(Exercise prompt) Make an exact copy of the records below. Include every line.

(Material for this exercise)
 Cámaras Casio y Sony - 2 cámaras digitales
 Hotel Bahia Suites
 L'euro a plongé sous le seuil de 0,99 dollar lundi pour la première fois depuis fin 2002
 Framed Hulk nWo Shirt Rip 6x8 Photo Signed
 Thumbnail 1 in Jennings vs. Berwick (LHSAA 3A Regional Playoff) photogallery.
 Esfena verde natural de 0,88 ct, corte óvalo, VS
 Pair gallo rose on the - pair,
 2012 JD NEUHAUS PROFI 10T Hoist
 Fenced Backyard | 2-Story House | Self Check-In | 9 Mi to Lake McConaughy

(Result of the exercise)
 Cámaras Casio y Sony - 2 cámaras digitales
 Hotel Bahia Suites
 L'euro a plongé sous le seuil de 0,99 dollar lundi pour la première fois depuis fin 2002
 Framed Hulk nWo Shirt Rip 6x8 Photo Signed
 Thumbnail 1 in Jennings vs. Berwick (LHSAA 3A Regional Playoff) photogallery.
 Esfena verde natural de 0,88 ct, corte óvalo, VS
 Pair gallo rose on the - pair,
 2012 JD NEUHAUS PROFI 10T Hoist
 Fenced Backyard | 2-Story House | Self Check-In | 9 Mi to Lake McConaughy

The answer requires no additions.